The offer is received with great appreciation. They say they will visit the café later and we continue to talk. They explain that they don’t agree with everything their government does – far from it. Like many other Iranians, they are spiritually hungry and let down by the broken promises of the Islamic Revolution. We know that their hunger can only be satisfied by Jesus, the Bread of Life.

As the friendly conversation continues, I am reminded that this is just one of many exchanges in a week full of spiritual refreshment. Most encouraging of all has been to hear of so many putting their faith in Christ, going home with digital Christian materials in their pocket and welcoming the opportunity to grow in their knowledge of God in the underground church. 
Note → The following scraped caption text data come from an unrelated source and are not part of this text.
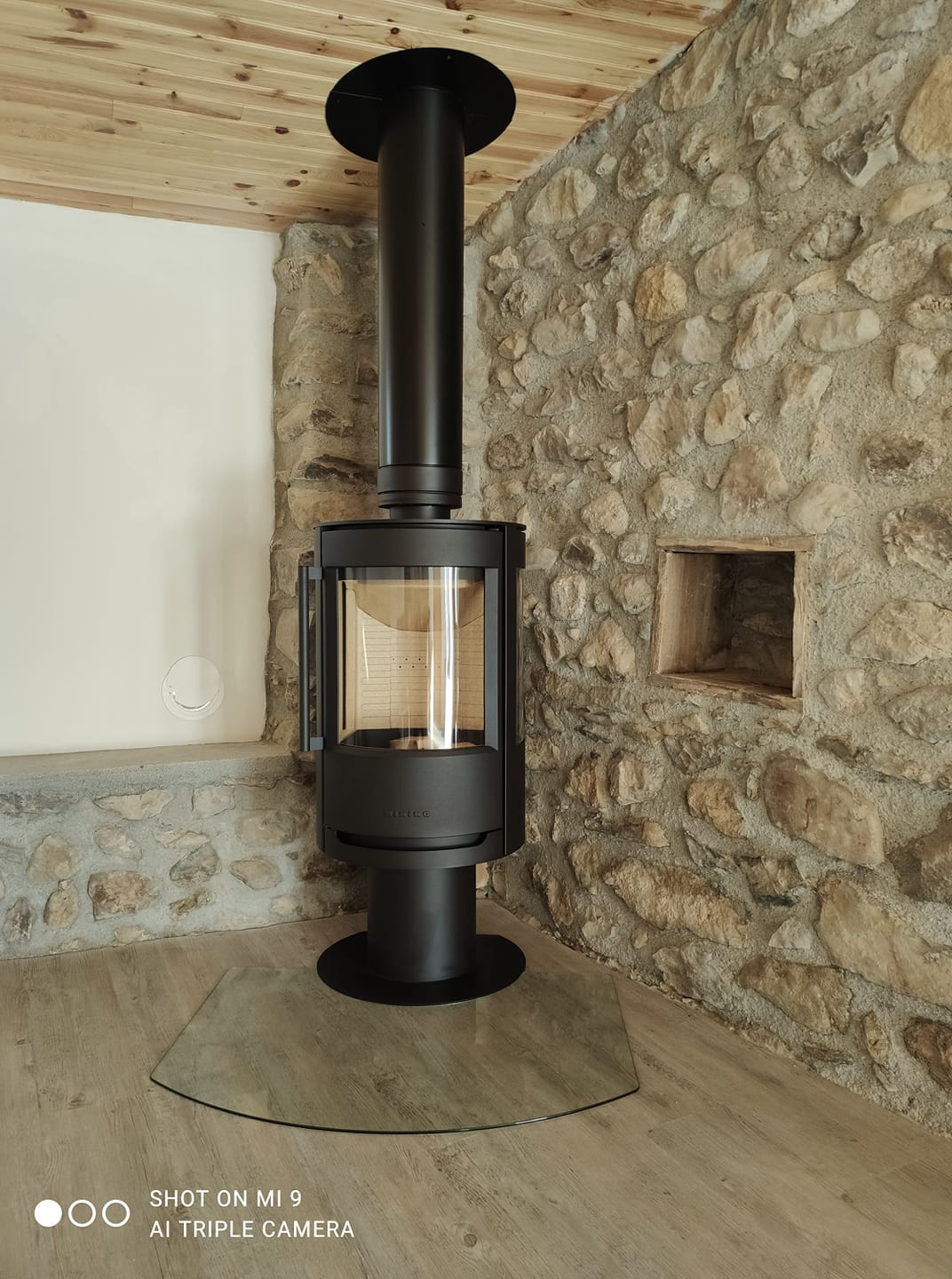 Installation d'un poêle à bois par Tendance poêle et cheminée à Lannemezan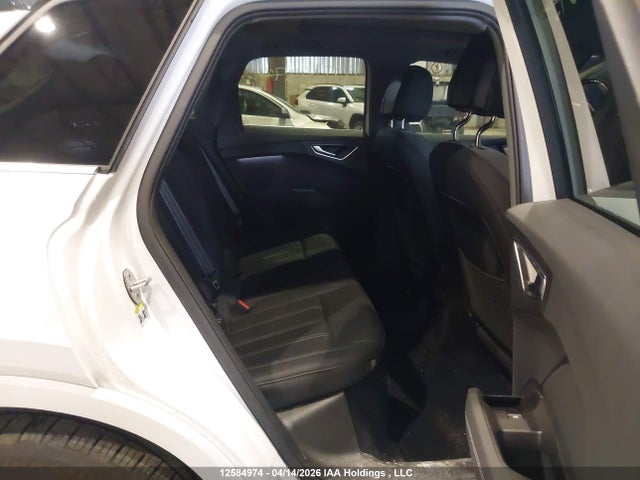 12584974 :رقم المزاد ، WA1GUAFZ7RP057034 vin ، 2024 Audi Q4 E-tron مزاد بيع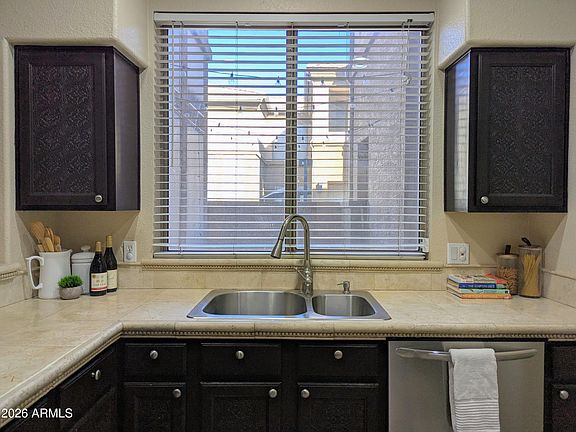 5th image of 1445 E Broadway Rd Unit 106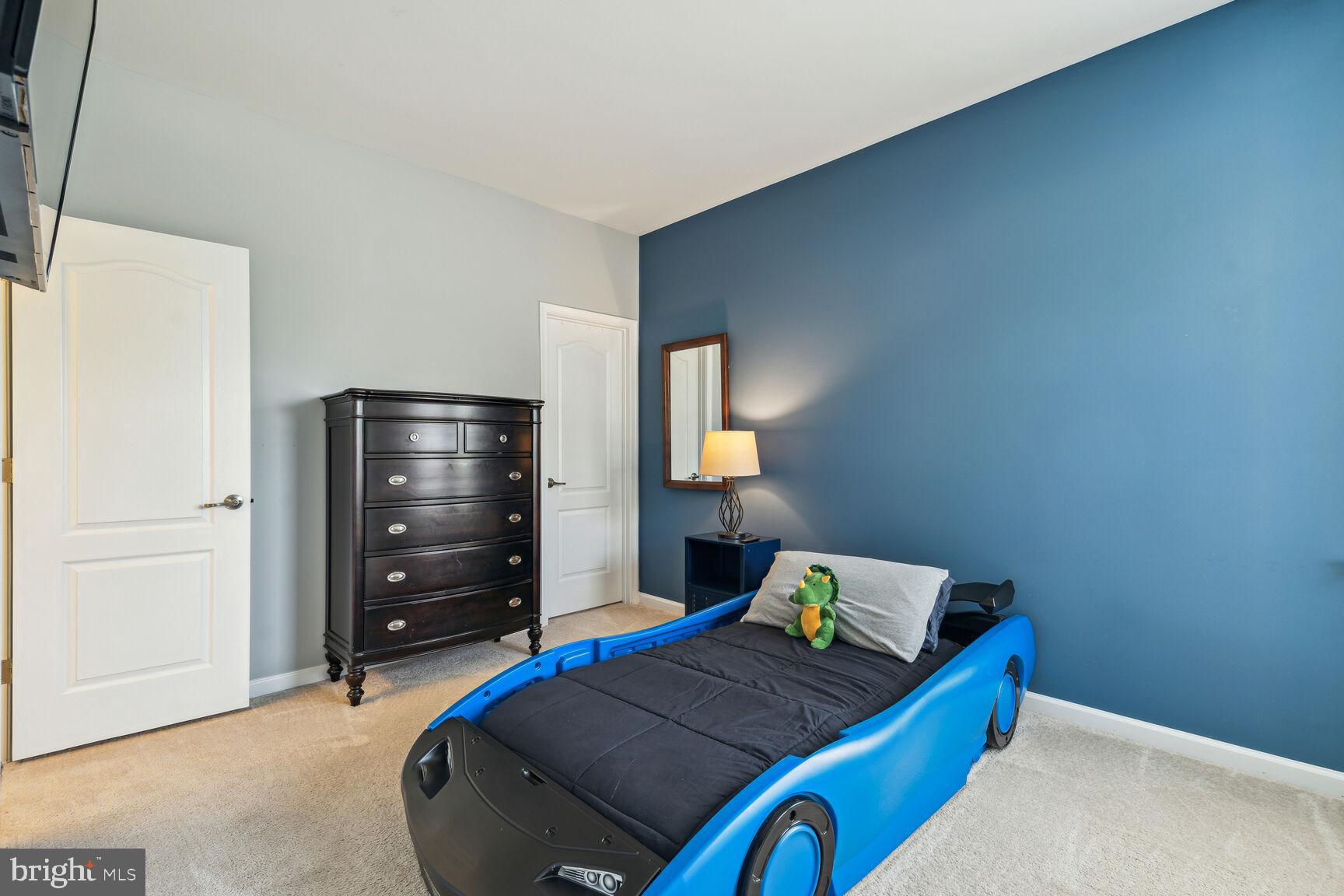 EMBREY MILL - Residential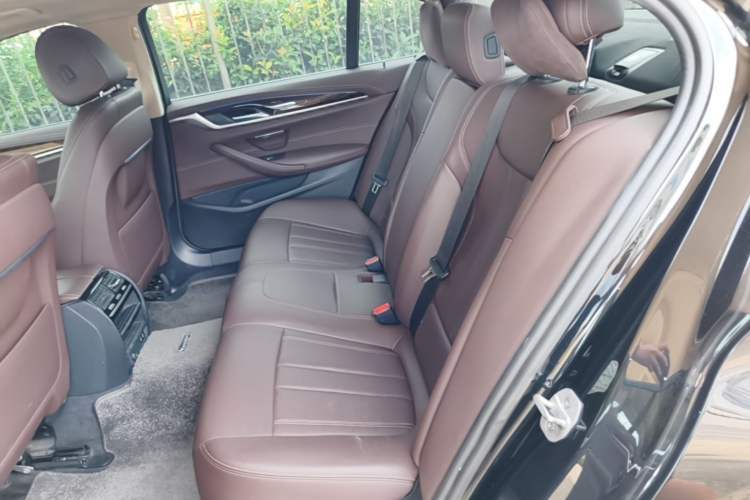 Used BMW 5 Series 2020 525Li Luxury Package Left Rear Seat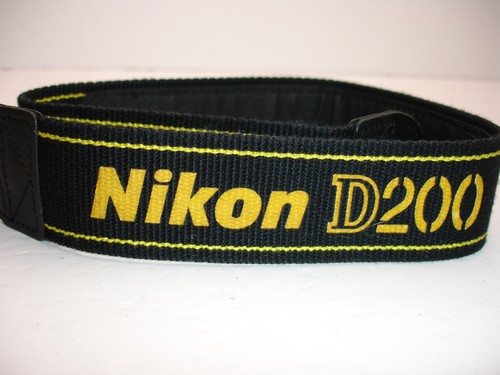 Nikon d200 genuine dslr - nikon,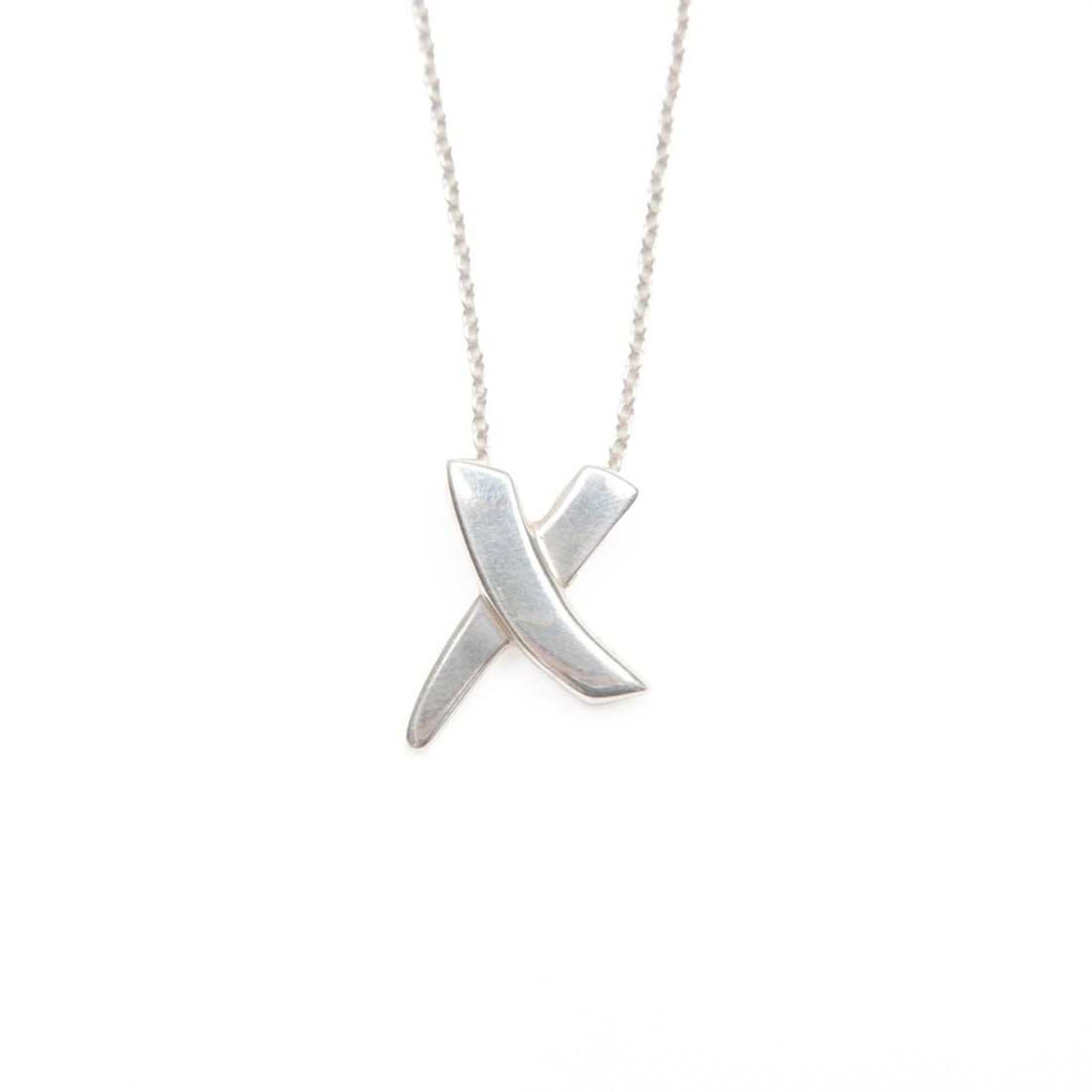 Tiffany & Co. Paloma Picasso Kiss 925 Sterling Silver Necklace WS23965: --- Catalog ---Category: SizePendant Size: 13mm x 9mm / 0.51'' x 0.35''Neck Circumference: 40 cm / 15.74''Category: DesignColor: SilverGender: WomenMaterial: Silver 925Necklace Type: NecklaceCategory: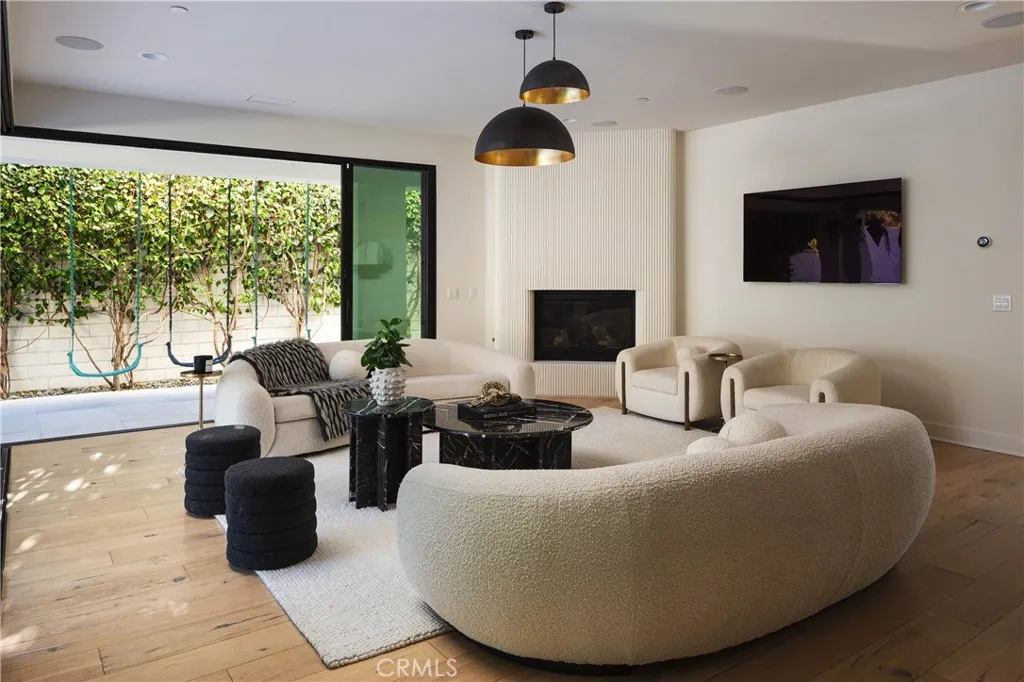 311 Costa Bella Court, Costa Mesa, California 92627 home-pic-11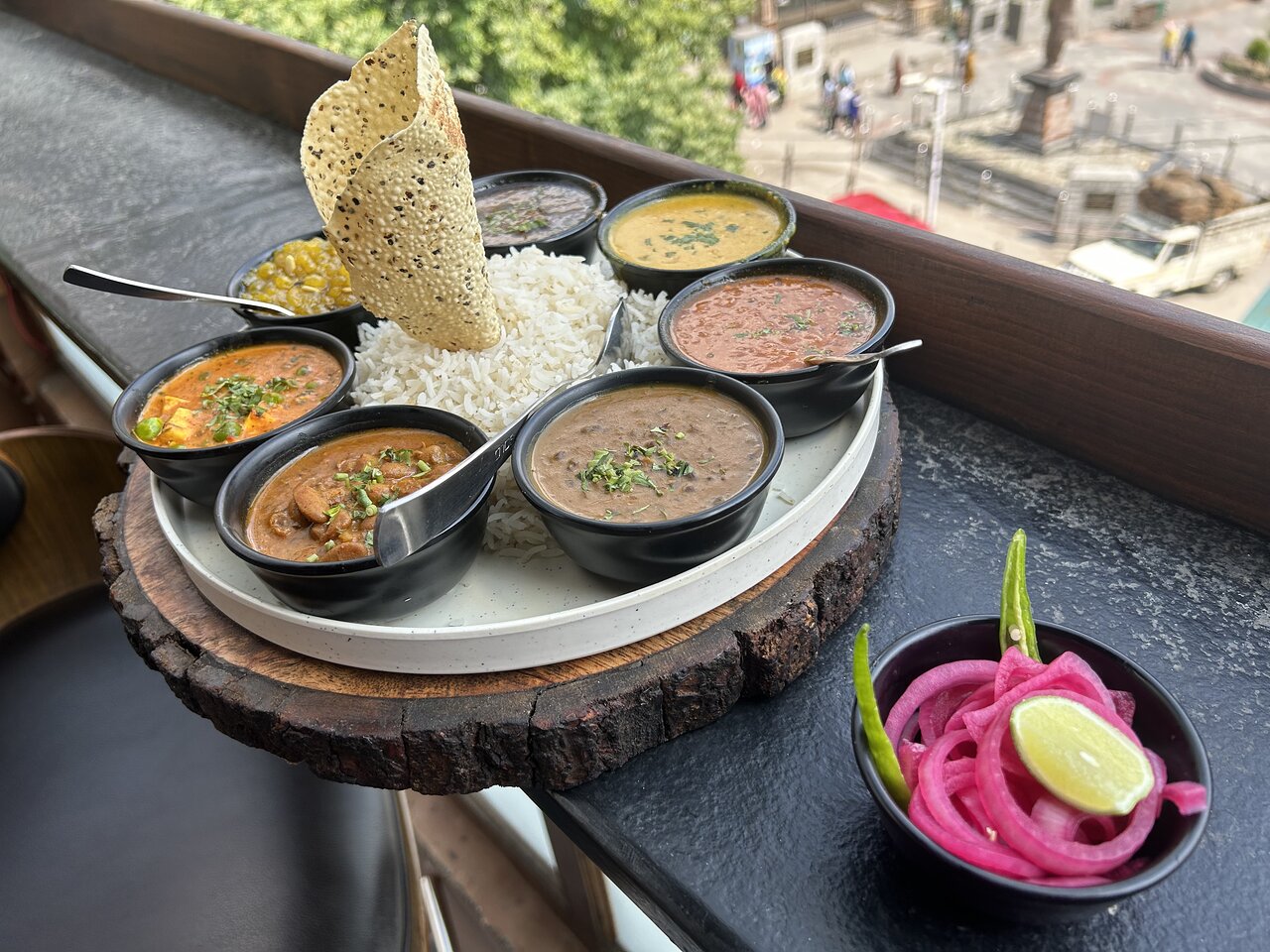 Mall Road food street and quick bites in Manali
It has also been a week of discovering how God prepares in advance those He brings to Himself: people like Alireza and Nasrin**. Nasrin saw a vision of Jesus shortly before the New Year holiday. When she met one of the team she said, ‘God has sent you to help us.’ They knew that Jesus was in some sense the way to God, but they didn’t know the gospel and wondered what God required of them. Later that afternoon, they came to the café and accepted the good news about Jesus, finding forgiveness and a sure standing with God. Now they want to be baptised.

Then I met Aafreen** as she visited a local church. The Lord had shown her that the answer to her heart’s desire was somehow connected to the God of the Christians. And surely this God would be found in a church? She said that she had been longing to connect with God but couldn’t visit a church in her own country. It was a thrill not only to meet her just a couple of hours before she left the country, but to leave her with a Bible in her own language along with multiple videos and books explaining that Christ is the sole mediator between her and God. It’s these kinds of God–ordained meetings and the sense of being used by Him that stir the souls of all who long to make Jesus known!

The conversation concludes with these amiable acquaintances and it’s time for us to go our separate ways. Hundreds have been witnessed to and many have believed, but even after an extraordinary week like this we remember that so many have yet to hear.

* Happy New Year in Farsi, the main language in Iran.